Royal Mail nearly scuppered this one. When Haris Ioannides, director of Cypriot publisher Armida Publications kindly offered to send me a selection of titles in English, I waited with excitement for the package.
And waited. And waited. A delivery card appeared telling me there was a parcel at the sorting office for me, but when I trotted off to collect it I was met with blank faces. Computer said no.
Eventually, I received an email from Ioannides telling me that the three books, having travelled to London and back, were now in Nicosia again. Could he send me the ebook pdfs instead?
By this stage, buoyed by British-Cypriot writer Lorna V’s enthusiasm for the writers on Ioannides’s list, I had already ordered a copy of Nora Nadjarian’s Ledra Street. However, given past form, I thought I’d play safe and get the ebook version too. Ioannides emailed me the files, whereupon the print volume arrived. I now had two copies: one for each eye.
As it turns out, this doubled reading experience was particularly appropriate for Ledra Street, a short story collection set in Nicosia, the last divided capital city in the world. Terse, jagged and sometimes fragmentary, Nadjarian’s tales capture moments in lives and psyches sundered when the island was split in two during the Turkish invasion of 1974. Ledra Street, once a bustling thoroughfare, is now a blind alley populated by people yearning for things they can never attain: an estranged son, a perfect love, or simply ‘a time when Ledra Street was whole, non-pedestrianised, and we still called Turkish coffee, Turkish’.
Nadjarian’s attention to detail and use of the mundane to capture the extraordinary experience of seeing your homeland torn in half make the book. Whether she’s describing politicians rambling on a TV chat show, a disastrous haircut or a trip to a museum, the writer portrays the irreconcilable rifts in perspective that leave people isolated and sad. One of the most successful stories in the book, ‘Guided Tour’, for example, sees a woman leading a group of tourists around the city’s sites, and portrays the gulf between their casual absorption of the neat list of facts she reels off and the turbulent emotions behind the events:
‘Everything makes perfect sense.
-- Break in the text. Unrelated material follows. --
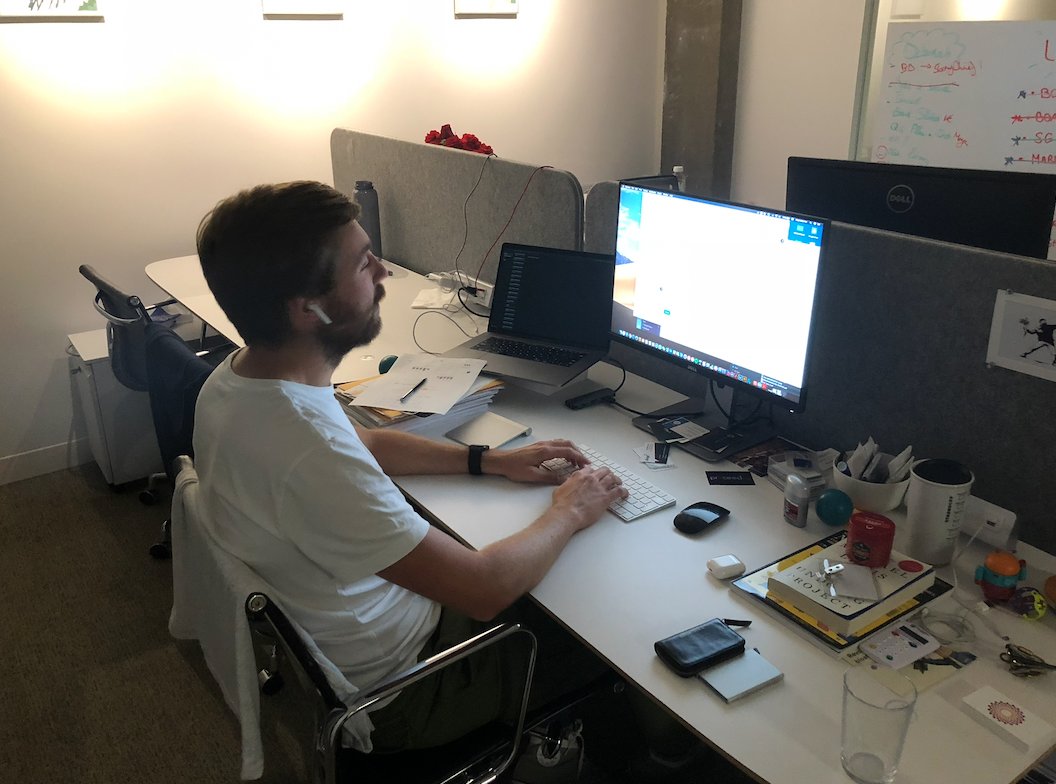 Een teamlid geconcentreerd aan het werk op kantoor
Of course, of course, history when it becomes history, when it can be read in history books, when it can be talked about by tourist guides, makes perfect sense. The only way out.
‘What a strange thing, a rare pain, to be trapped in your own country.’
This packing of meaning into street signs and small talk, combined with the brevity of many of the pieces, gives them a poetic quality. At times, it almost feels as though they are poems that have been stretched like canvasses across the page to fill the space of stories. This impression is enhanced by Nadjarian’s creative use of language, which sees metaphors blurred and spread over paragraphs like watercolour paints.
Occasionally, the fragmentary nature of the pieces is too stark. I wasn’t sold on the ‘Ten Nights at the Movies’ vignettes, which ended the book and felt faintly contrived. Similarly, one or two of the ‘Ten Little Stories of Love and Hate’ were so stripped back as to teeter into the banal.
On the whole though, this is a powerful series of pieces that harnesses violent gusts of emotion in taut writing, pulling the collection along at an exhilirating pace. Familiar and yet strange, European and yet not, Nadjarian’s voice reveals what word artists can achieve, creating a lively collection that intrigues, delights and challenges. I’m very glad my copies found their way to me in the end.